SOURCE INFORMATION:
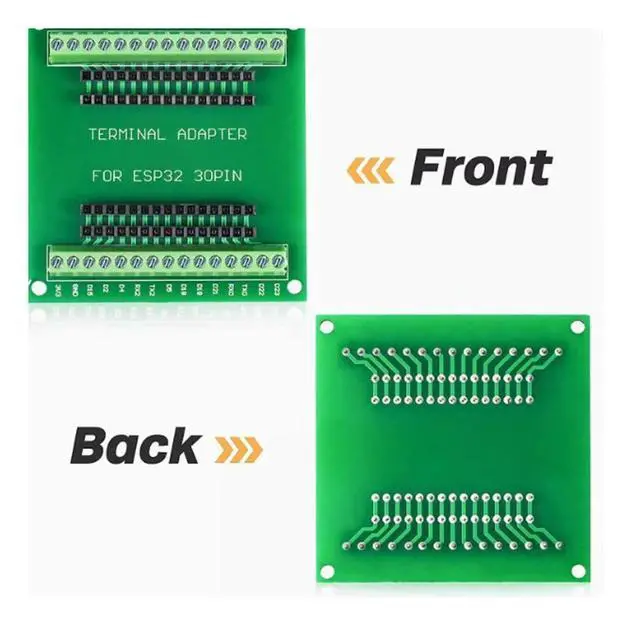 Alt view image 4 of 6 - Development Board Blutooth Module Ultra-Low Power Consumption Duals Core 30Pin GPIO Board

--

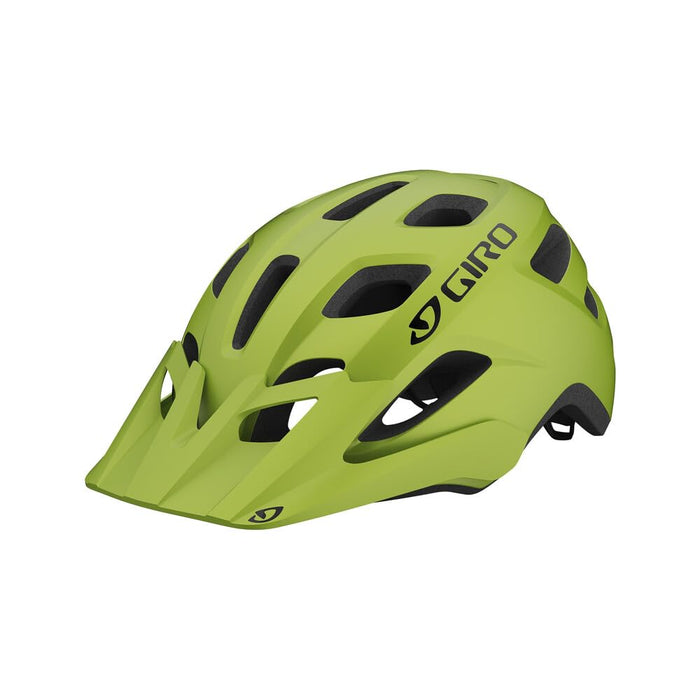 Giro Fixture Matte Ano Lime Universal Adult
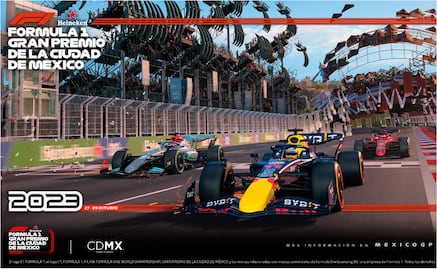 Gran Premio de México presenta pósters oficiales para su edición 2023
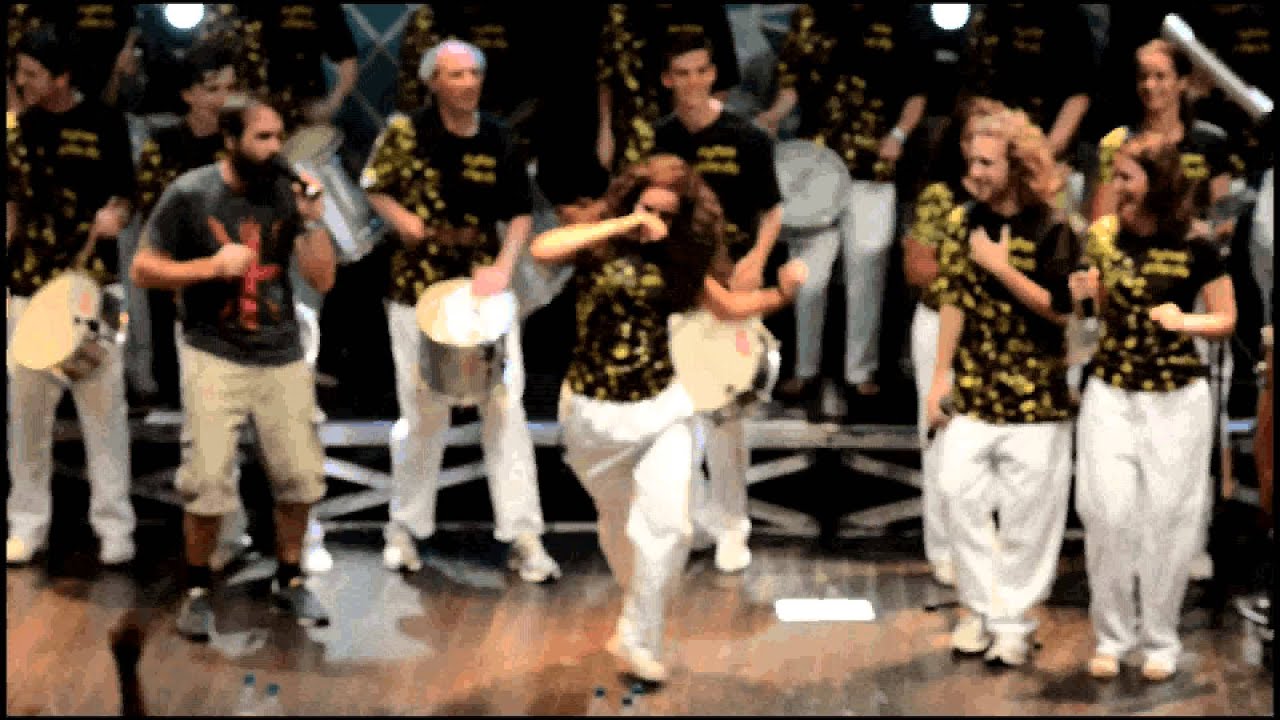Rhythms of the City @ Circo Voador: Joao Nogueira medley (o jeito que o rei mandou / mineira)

---

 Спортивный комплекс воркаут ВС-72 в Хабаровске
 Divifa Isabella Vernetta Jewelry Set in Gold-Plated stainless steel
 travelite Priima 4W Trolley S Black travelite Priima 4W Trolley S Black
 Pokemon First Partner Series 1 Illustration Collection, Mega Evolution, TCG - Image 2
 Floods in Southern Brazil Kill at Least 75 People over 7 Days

ASSIGNMENT: Give again, exactly as written above, each line from the one that has "Gran Premio de" to the one that has "Rhythms of the", both included; omit the pictures.

TASK RESPONSE:
 Gran Premio de México presenta pósters oficiales para su edición 2023
Rhythms of the City @ Circo Voador: Joao Nogueira medley (o jeito que o rei mandou / mineira)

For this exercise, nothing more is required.